Well, maybe I am okay with the synonyms. My work can be seen as difficult, hard, taxing, troublesome, tricky...

Aging Writers

From facebook:

Someone who shall be nameless wrote elsewhere that she figured most SFF written before the last decade is problematic, I assume for political reasons. This calls into question most of my writing career. This is why we need a Senior Meetup at Wiscon and maybe other cons. I need a place to vent. I am trying to come up with a name for a Wiscon Meetup for seniors. "Second Wave Feminism in a New Wave World" is possible, though not quite right.

I do not think this is a huge issue, except that I worry about the older women writers vanishing. They worked hard and deserve to be remembered, though obviously they can be criticized as imperfect.



Wednesday, January 17, 2018

Post

Once again I have let two months slip by without posting. We are mostly unpacked now. A guy came yesterday to install new blinds, which look really good. That was the last step in renovating the apartment. We are now home.

I just finished proofreading Ring of Swords for a new edition, due to come out this spring.

My military space opera short story got picked up by Gardner Dozois for his Best SF of the Year collection.

Otherwise, we keep trucking.

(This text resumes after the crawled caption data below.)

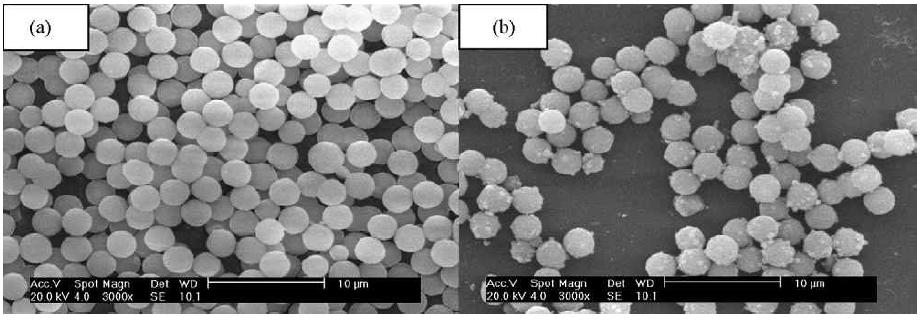 SEM images of silica microspheres (a) and magnetite-loaded product (b)
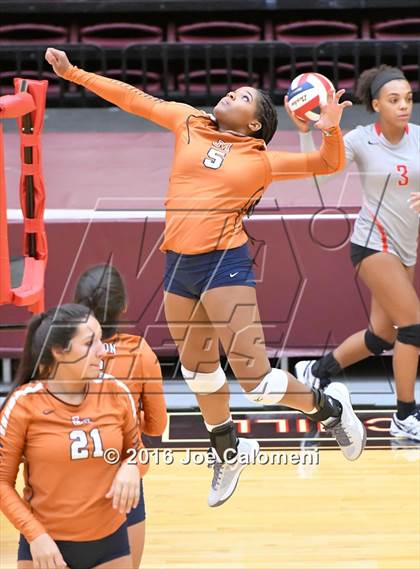 Thumbnail 2 in Madison vs Judson (Littleton Gym) photogallery.
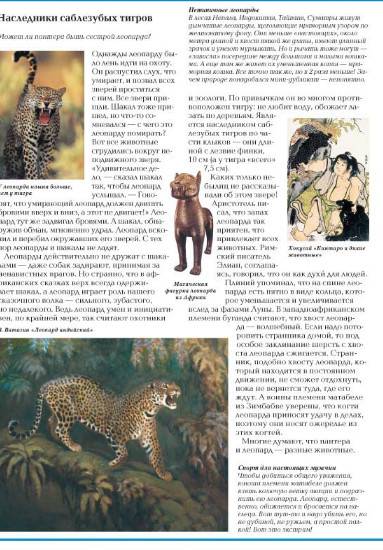 Иллюстрация 23 из 25 для Загадки животного мира - Калашников, Лаврова | Лабиринт - книги. Источник: Золотая рыбка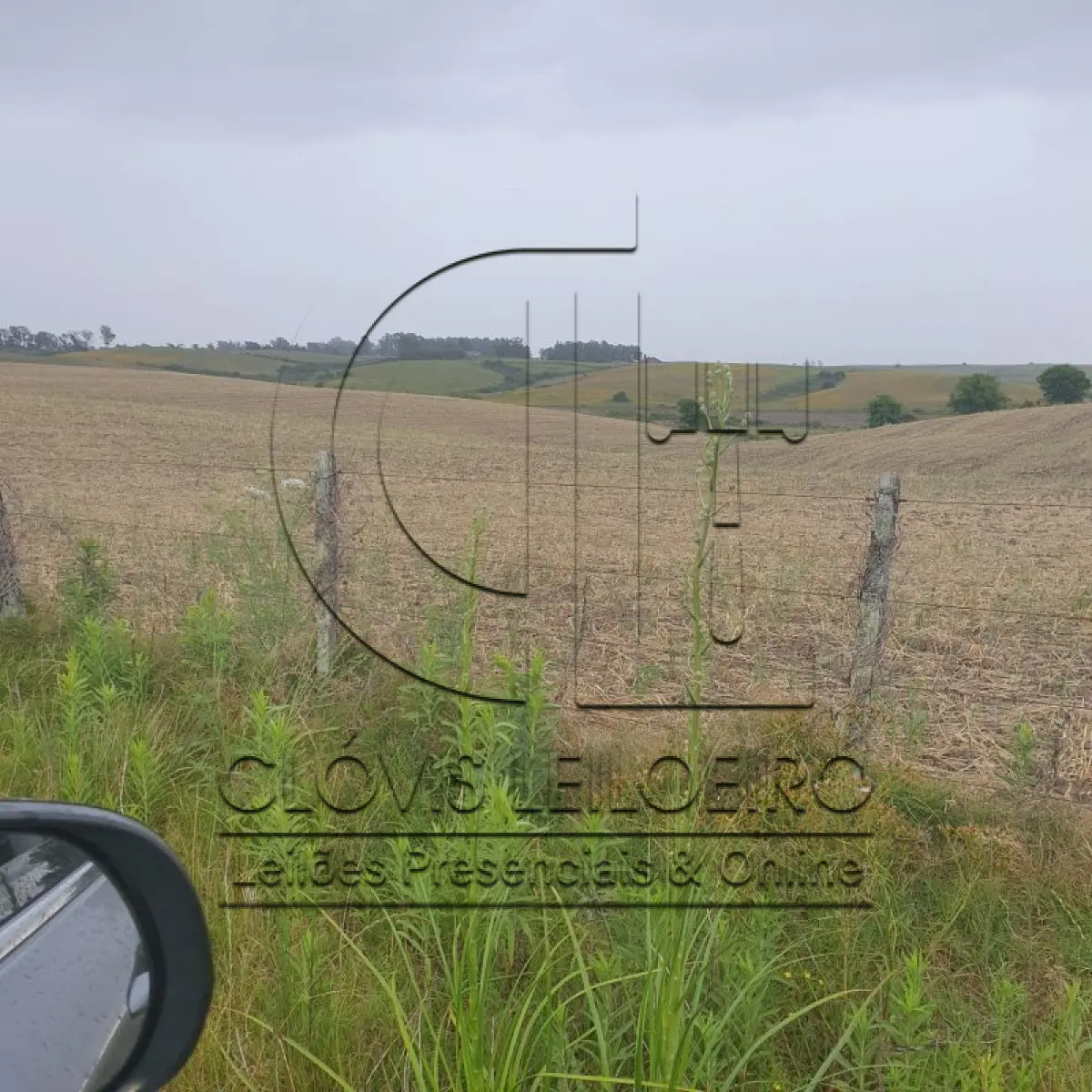 LOTE 001 - 33,70 HECTARES DE TERRAS DE CAMPO EM ACEGUÁ - RS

I write. Patrick is doing some pro bono work for the local neighborhood council. (They are worried about homeless people, and he is an expert of homelessness, a word which should not ever exist. There should be no one without a home.) Life goes on.

I made my usual resolutions for the New Year: Exercise more. Write more. Pay more attention to nutrition. Get out to museums more. Get out more in general. The past year -- since the last election -- I have been huddling at home and worrying. Neither is useful.

I'm planning on attending the usual local cons. I'm a guest at CONvergence, the big local con. I always attend Wiscon in Madison, Wisconsin. And I hope to make IceCon, the Icelandic SF convention, in October. Though I am bit worried about their organization. They don't have a con hotel and their site does not list recommended hotels -- just "there are plenty of good hotels in Reykjavik." The site also does not list the convention location, so we can pick a nearby hotel.

We shall see.

John Oliver Simon

I just learned that John Oliver Simon has died. I knew he was in poor health, but this is still unexpected. John was in my class at college. When I got to college, I wanted to be the person in class recognized as a poet -- the class poet, though there wasn't one officially. Then I met John. One of my memories is him sitting in a tree playing a recorder. I know I could not compete with him. He was clearly the class poet. He remained a poet and seems to have gone on have a good, useful, interesting life. I reconnected with him recently through facebook. I will miss him. I now have to go online and buy all his books.

I have been googling John and wishing I'd had the wits to do this years ago, when I could have emailed him. He liked some of the poets I do, Gary Snyder and Lew Welch. (Lew Welch has a poem about Chicago which is amazing.) John talks in an interview about Sharon Doubiago, who I met years ago. She was a friend of a friend. As I recall, she didn't like me at all. John says in the same interview that d.a. levy was the most important poet in the US when he killed himself, I think in the early 1970s. I heard that levy had been killed by the police. In any case, levy's poetry hit me like a bolt of lightning, when I read it in a couple of mimeographed collections that my friend Bobby lent me. John and I could have found things to talk about. I'm going to pick up a couple of his books -- one of poems he wrote on a trip through Latin America back in the 80s and one of poems about his granddaughter, which is recent.

I found a book of translations by John, which came out a year ago from Red Dragonfly Press, a great local press here in the Twin Cities.

Anyway, the moral is -- if people stick in your mind, maybe you should make an effort to contact them or at least google them.